How WWI made combat even more terrible
"It is very queer that the unhappiness of the world is so often brought on by small men.” ― Erich Maria Remarque, "All Quiet on the Western Front"
How strange yet appropriate and terribly prescient were these words from a German who served in the trenches of World War I.
Remarque, whose 1929 novel is not only the seminal tale of World War I but perhaps of all wars, cannot have known of the “small man” fighting in the same army who would unleash even more misery upon the planet in the next war.
Like Remarque, Adolf Hitler served in a reserve regiment transferred to the slaughterhouse of the Western Front. Both were corporals. Both were wounded. The similarity ends there. The experience of dehumanized mass murder turned Remarque into a committed pacifist. What the war did to Hitler, of course, needs little exposition here.

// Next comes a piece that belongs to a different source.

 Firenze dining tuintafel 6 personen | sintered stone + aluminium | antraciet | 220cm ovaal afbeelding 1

World War I radically changed the political and economic course of human history. But first and foremost, it introduced mechanized technology and the soulless calculus of attrition into warfare. No longer would armies slowly close on each other as they maneuvered for control of a battlefield. From here on, war would be total. It would stretch every national sinew, demanding the redirection of manufacturing, food production, transportation, media and the civilian population – all in the service of “victory.”
The extent of the slaughter along the entrenched front lines of western Europe still defy imagination. After a few weeks in 1914 in which the surprise German thrust through neutral Belgium caught the French off guard, the offensive faltered and within weeks defensive fortifications and trenches ran from the English Channel to Switzerland.

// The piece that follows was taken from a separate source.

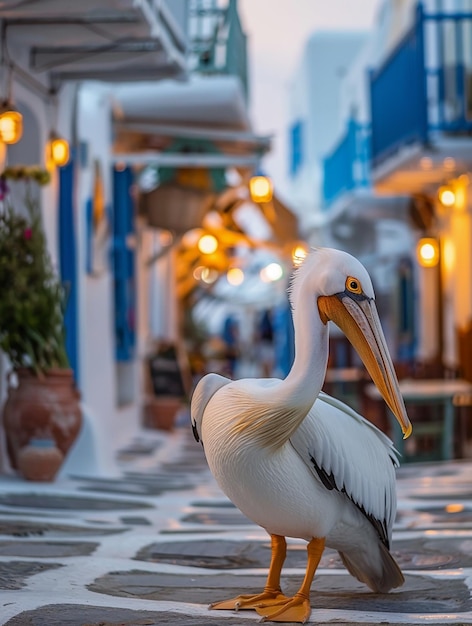 Pelican Petros on the island of Mykonos in Greece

This stalemate was entirely unanticipated by military theorists of
the day. But weapons capable of killing from long distance and in large
groups – rifled infantry weapons, machine guns, artillery, mortars –
soon to be joined by flamethrowers, aircraft and poison gas – had
changed the physics of warfare in ways that military commanders on both
sides never fully absorbed.
In between futile charges “over the top” into the “no man’s land” that separated the warring sides, where barbed with and machine guns awaited, life in the trenches was filthy, cold, disease-ridden and liable to end suddenly in a bombardment.

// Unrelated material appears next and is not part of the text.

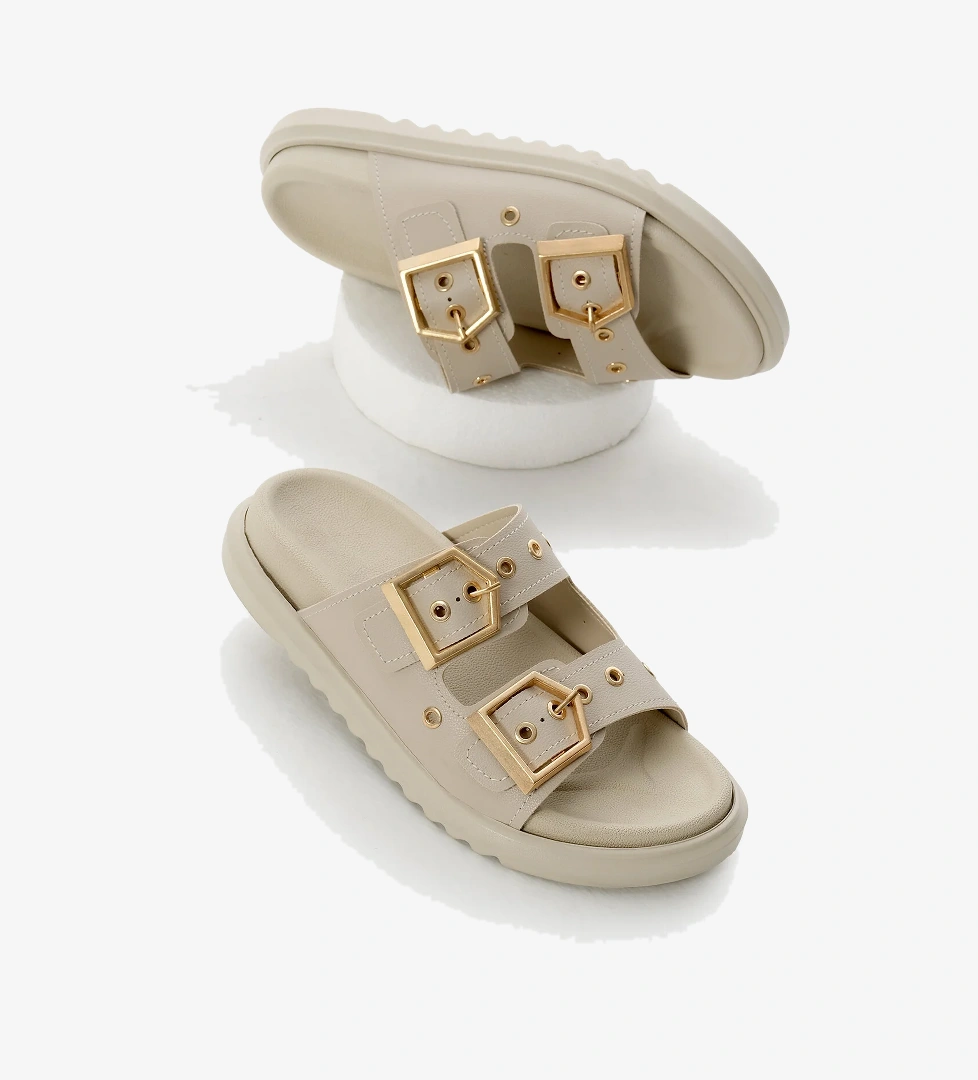 Kadın Bej Poli Taban Çift Bantlı Tokalı Terlik - Görsel 1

“Soldiers witnessed horrific scenes of carnage, in which death – from gas or mortar attacks, or in hand-to-hand combat – was commonplace,” the British army’s official history reads.
Disease, in fact, killed as many as combat on the Western Front – and that does not include the still poorly understood outbreak of Spanish influenza that killed over 25 million people in 1918, about half of them in the armies of all sides.
Or, in a different vein, from the American war poet Joyce Kilmer, himself shot in the brain by a machine gunner shortly after penning the poem Rouge Bouquet.
In a wood they call Rouge Bouquet
There is a new-made grave today.
Built by never a spade nor pick
Yet covered with earth 40 meters thick.
There lie many youthful fighting men,
Dead in their prime,
Never to laugh nor love again
Nor taste the Summertime.
For Death came flying through the air
And stopped his flight at the dugout stair,
Touched his prey and left them there,
Clay to clay.
He hid their bodies stealthily
In the soil they fought to free
And fled away.
Only toward the end of the war, when commanders finally began to deploy newly developed tanks in mass offensives, was the bloody stalemate broken. Even then, the assaults often petered out for technical reasons, and ground gained at great loss of life (as at Passchendaele in July 1917) was often recaptured quickly. Only in 1918, at Amiens and then the Second Battle of the Somme in August, did tactics and brute force finally break Germany’s resolve.
Even then, though, the mortal blow came from the German home front: on November 3, 1918, sailors of Germany’s High Seas Fleet, bottled up for much of the war by a Royal Navy blockade, rose against their officers in the port of Kiel, triggering a revolution that would sweep away the Kaiser, force Germany into an armistice and ultimately dissolve the German Empire.
The peace treaty that would seal Germany’s fate failed miserably to heal the scar on Europe’s post-war frontiers. Hitler, before and after his rise, railed against those he felt had sold out Germany, debasing the blood spilled in the trenches. The sailors of Kiel, he said, were Bolsheviks. The Jews and Prussian elites had betrayed the army to protect their economic interests.
In 1933, when Corporal Hitler finally became Germany’s chancellor, one of the first acts of his new government should have given everyone pause: He banned Remarque’s books, consigning them to the Nazi pyres as decadent and insulting to the German nation.
Remarque fled to Switzerland, where he died in 1970. But to this day, the land around the trenches regularly push up shell casings, weapons and human remains. Some facts are harder to erase.